Collection entries
BEGIN
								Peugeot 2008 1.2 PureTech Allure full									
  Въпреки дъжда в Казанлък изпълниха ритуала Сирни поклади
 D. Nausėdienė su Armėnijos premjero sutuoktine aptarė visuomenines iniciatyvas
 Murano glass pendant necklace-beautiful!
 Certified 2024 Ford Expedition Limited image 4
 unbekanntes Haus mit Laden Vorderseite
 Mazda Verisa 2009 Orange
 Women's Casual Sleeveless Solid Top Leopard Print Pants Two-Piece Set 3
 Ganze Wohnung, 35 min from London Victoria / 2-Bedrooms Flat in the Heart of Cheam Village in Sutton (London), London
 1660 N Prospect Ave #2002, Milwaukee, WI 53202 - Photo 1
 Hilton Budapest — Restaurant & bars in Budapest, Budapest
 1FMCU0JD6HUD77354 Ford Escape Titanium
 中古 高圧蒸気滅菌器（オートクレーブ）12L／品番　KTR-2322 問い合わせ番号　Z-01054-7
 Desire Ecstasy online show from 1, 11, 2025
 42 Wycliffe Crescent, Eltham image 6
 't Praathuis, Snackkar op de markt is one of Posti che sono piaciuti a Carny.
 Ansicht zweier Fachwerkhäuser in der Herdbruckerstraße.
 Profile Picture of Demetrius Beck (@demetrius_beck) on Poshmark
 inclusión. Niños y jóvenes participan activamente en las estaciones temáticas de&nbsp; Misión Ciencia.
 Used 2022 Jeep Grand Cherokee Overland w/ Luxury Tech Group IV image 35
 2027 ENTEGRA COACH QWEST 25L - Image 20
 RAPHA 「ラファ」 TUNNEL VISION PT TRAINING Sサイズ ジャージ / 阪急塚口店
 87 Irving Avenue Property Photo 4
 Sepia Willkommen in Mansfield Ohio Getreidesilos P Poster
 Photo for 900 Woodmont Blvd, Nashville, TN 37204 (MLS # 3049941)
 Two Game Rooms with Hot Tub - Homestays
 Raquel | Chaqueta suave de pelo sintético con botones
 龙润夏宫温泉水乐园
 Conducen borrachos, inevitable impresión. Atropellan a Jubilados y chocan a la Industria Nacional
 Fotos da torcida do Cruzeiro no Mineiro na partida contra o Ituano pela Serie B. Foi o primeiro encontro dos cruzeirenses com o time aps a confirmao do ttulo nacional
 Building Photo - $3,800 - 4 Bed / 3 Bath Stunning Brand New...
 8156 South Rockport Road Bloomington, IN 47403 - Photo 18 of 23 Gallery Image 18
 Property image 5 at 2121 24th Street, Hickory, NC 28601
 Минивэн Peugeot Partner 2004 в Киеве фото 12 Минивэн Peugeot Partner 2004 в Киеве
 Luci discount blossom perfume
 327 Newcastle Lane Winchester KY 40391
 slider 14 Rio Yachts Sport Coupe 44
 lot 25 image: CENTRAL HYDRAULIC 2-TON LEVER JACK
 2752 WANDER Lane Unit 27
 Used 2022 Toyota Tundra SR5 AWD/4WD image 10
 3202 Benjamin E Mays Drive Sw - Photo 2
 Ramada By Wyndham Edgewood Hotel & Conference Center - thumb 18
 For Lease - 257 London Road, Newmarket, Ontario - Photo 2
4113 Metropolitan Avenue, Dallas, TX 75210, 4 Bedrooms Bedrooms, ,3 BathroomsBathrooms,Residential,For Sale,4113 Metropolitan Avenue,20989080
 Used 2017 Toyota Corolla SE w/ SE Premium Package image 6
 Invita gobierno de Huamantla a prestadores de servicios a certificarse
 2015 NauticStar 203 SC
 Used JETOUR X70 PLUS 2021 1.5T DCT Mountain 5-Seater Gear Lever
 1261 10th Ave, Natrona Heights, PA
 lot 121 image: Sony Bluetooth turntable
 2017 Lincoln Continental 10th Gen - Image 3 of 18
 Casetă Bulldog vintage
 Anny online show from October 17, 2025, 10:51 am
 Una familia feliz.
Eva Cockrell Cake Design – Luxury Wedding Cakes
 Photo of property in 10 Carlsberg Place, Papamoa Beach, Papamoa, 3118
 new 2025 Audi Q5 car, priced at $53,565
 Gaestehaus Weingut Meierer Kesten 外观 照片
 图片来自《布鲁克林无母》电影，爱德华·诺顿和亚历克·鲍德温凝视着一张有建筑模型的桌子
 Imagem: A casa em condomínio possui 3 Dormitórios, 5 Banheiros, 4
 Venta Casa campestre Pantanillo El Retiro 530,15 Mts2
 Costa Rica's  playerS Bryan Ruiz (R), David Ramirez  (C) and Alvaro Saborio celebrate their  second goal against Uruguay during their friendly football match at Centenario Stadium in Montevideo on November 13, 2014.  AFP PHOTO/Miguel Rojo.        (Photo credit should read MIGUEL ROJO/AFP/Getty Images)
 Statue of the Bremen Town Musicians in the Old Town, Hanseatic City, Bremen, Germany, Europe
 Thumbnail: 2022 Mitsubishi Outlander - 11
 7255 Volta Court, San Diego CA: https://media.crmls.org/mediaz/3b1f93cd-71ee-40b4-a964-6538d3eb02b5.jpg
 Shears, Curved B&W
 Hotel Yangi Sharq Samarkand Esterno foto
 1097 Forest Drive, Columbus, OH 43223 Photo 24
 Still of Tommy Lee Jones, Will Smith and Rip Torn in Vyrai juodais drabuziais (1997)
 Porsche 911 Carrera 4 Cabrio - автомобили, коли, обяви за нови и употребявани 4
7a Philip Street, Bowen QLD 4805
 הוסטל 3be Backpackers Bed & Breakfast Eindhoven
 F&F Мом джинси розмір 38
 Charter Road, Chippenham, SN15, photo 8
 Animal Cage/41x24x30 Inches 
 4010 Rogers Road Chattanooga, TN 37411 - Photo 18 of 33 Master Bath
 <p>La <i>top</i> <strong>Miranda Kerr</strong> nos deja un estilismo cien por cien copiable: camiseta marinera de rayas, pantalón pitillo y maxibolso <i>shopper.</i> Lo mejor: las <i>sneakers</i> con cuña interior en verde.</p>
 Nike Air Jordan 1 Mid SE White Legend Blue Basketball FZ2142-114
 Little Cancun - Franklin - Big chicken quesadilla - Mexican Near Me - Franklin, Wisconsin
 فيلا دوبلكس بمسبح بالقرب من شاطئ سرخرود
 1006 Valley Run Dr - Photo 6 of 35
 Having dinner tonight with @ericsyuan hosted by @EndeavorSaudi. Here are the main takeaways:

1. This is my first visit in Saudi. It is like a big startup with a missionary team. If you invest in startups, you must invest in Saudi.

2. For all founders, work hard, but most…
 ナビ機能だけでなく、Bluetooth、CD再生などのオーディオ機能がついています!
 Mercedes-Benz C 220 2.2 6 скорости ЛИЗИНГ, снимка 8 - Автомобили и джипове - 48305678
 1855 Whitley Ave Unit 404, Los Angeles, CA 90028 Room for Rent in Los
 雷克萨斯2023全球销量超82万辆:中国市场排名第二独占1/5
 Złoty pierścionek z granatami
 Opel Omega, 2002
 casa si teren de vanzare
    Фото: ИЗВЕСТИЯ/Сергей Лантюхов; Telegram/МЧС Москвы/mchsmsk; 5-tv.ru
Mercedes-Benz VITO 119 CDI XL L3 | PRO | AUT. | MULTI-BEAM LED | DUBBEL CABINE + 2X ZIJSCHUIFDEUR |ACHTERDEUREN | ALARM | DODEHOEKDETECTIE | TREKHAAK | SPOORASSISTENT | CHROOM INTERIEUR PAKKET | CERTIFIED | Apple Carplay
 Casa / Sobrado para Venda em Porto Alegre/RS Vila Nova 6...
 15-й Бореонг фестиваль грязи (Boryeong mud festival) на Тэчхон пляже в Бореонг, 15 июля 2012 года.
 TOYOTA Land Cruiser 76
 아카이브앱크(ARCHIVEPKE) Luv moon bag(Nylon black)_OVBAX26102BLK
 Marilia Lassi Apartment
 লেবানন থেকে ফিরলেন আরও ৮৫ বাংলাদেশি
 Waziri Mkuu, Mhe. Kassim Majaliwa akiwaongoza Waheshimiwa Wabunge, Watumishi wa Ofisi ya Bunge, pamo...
END
Copy the stretch of the records above that runs from the line with "Casetă Bulldog vintage" through the line with "Venta Casa campestre". Both end lines belong in the copy, and nothing else does.

ANSWER FOR THE TASK:
 Casetă Bulldog vintage
 Anny online show from October 17, 2025, 10:51 am
 Una familia feliz.
Eva Cockrell Cake Design – Luxury Wedding Cakes
 Photo of property in 10 Carlsberg Place, Papamoa Beach, Papamoa, 3118
 new 2025 Audi Q5 car, priced at $53,565
 Gaestehaus Weingut Meierer Kesten 外观 照片
 图片来自《布鲁克林无母》电影，爱德华·诺顿和亚历克·鲍德温凝视着一张有建筑模型的桌子
 Imagem: A casa em condomínio possui 3 Dormitórios, 5 Banheiros, 4
 Venta Casa campestre Pantanillo El Retiro 530,15 Mts2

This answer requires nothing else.